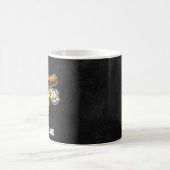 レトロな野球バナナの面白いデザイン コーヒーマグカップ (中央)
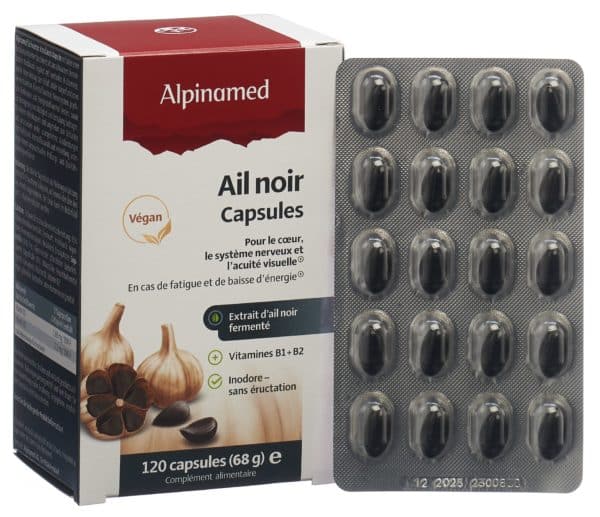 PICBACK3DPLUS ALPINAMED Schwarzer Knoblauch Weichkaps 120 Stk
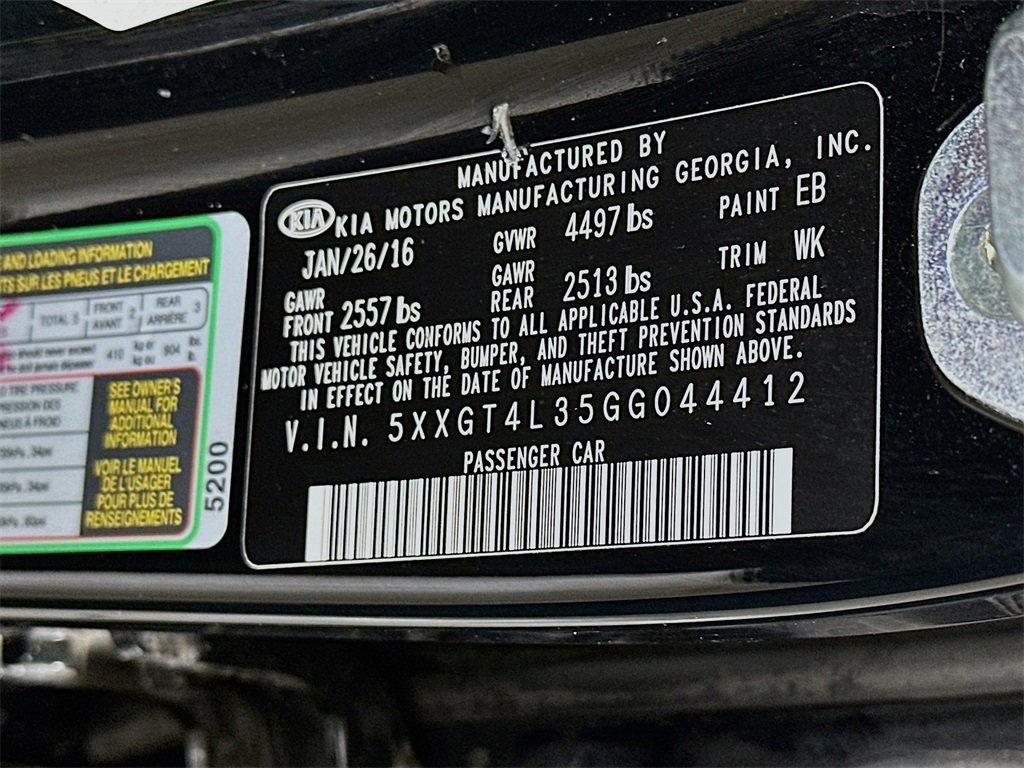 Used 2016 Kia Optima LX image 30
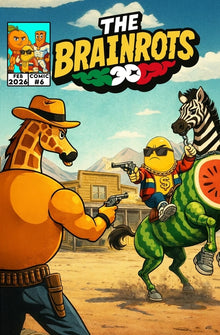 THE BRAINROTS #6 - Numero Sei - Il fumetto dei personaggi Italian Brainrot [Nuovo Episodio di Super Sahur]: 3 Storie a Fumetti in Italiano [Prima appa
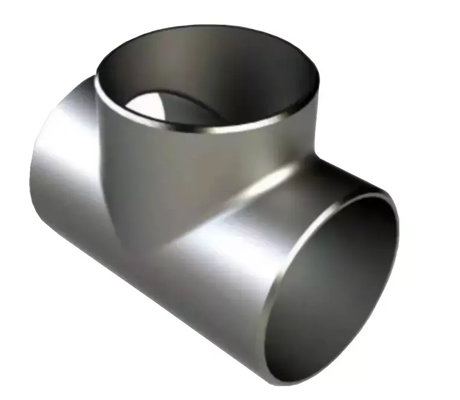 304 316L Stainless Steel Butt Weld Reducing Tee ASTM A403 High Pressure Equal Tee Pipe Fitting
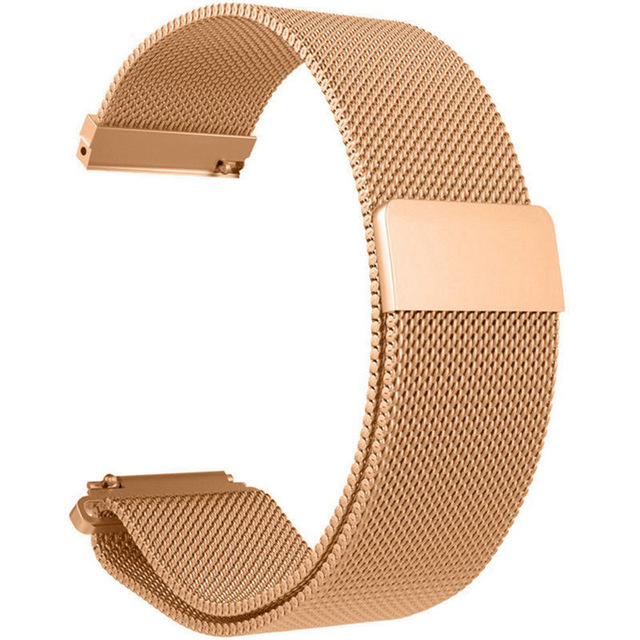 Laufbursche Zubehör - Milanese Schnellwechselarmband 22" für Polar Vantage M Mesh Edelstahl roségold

---

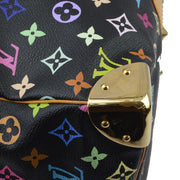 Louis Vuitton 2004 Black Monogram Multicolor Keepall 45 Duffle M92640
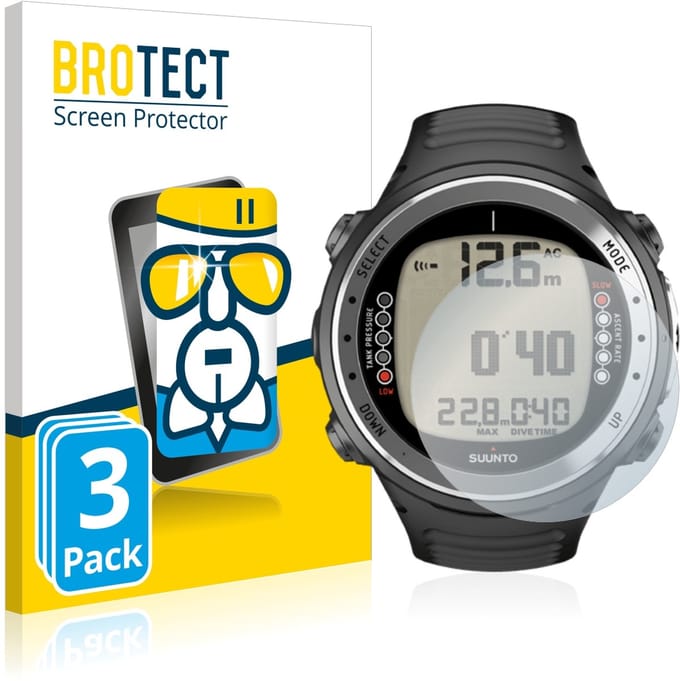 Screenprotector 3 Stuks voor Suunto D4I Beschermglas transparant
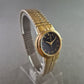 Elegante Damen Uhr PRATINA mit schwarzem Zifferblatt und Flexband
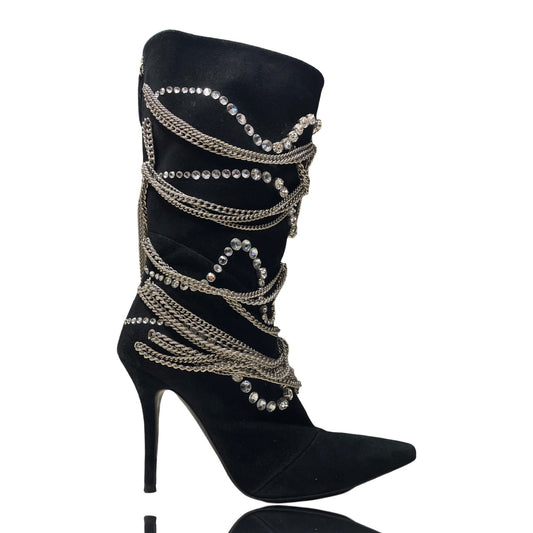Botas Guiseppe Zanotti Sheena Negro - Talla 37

---

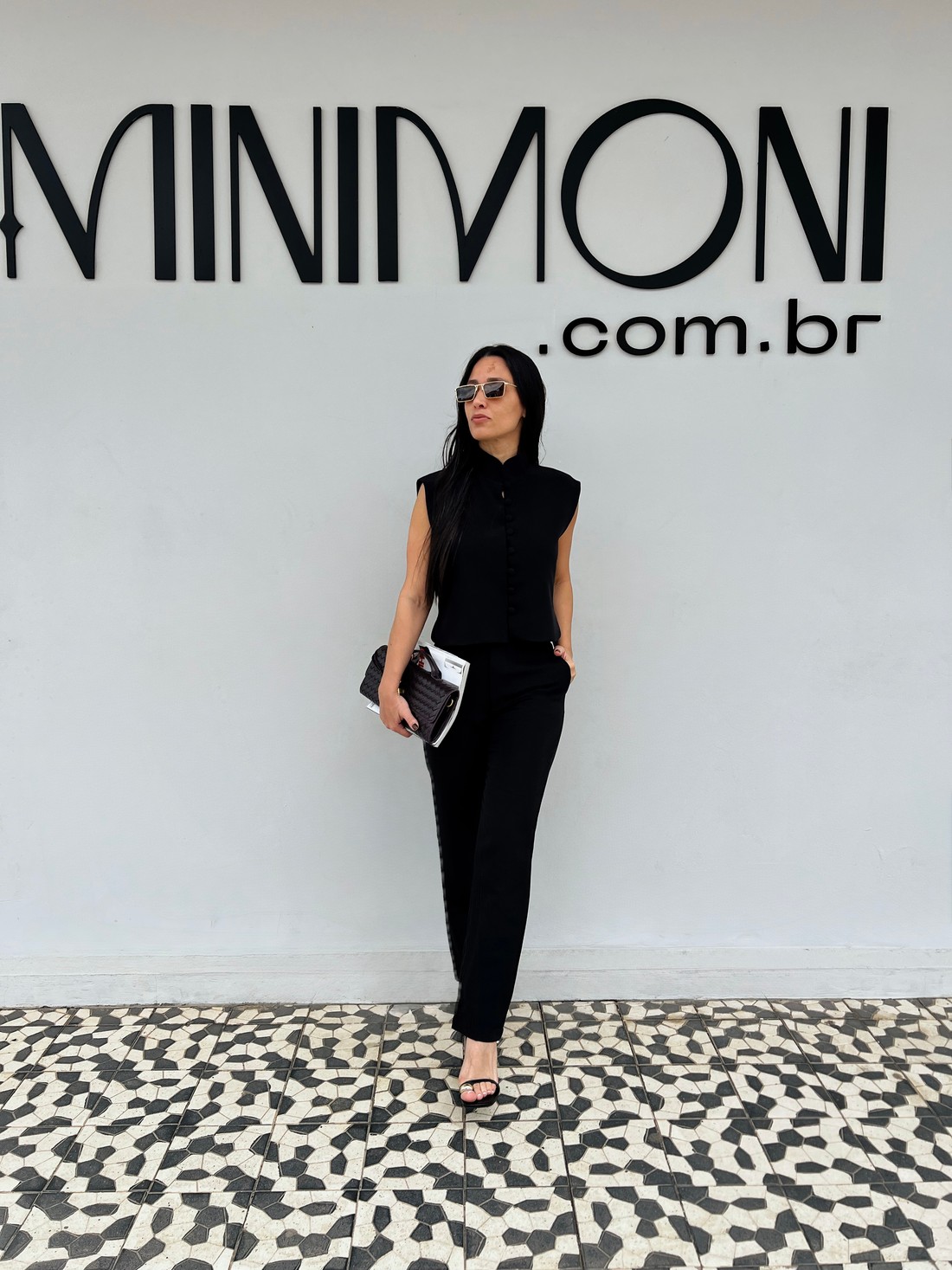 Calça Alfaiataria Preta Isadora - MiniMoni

§ TO DO:
Go to the line above that contains "PICBACK3DPLUS ALPINAMED Schwarzer" and reproduce everything exactly from there through the line that contains "Laufbursche Zubehör - Milanese", leaving out the pictures.

§ WRITTEN RESPONSE:
 PICBACK3DPLUS ALPINAMED Schwarzer Knoblauch Weichkaps 120 Stk
 Used 2016 Kia Optima LX image 30
 THE BRAINROTS #6 - Numero Sei - Il fumetto dei personaggi Italian Brainrot [Nuovo Episodio di Super Sahur]: 3 Storie a Fumetti in Italiano [Prima appa
 304 316L Stainless Steel Butt Weld Reducing Tee ASTM A403 High Pressure Equal Tee Pipe Fitting
 Laufbursche Zubehör - Milanese Schnellwechselarmband 22" für Polar Vantage M Mesh Edelstahl roségold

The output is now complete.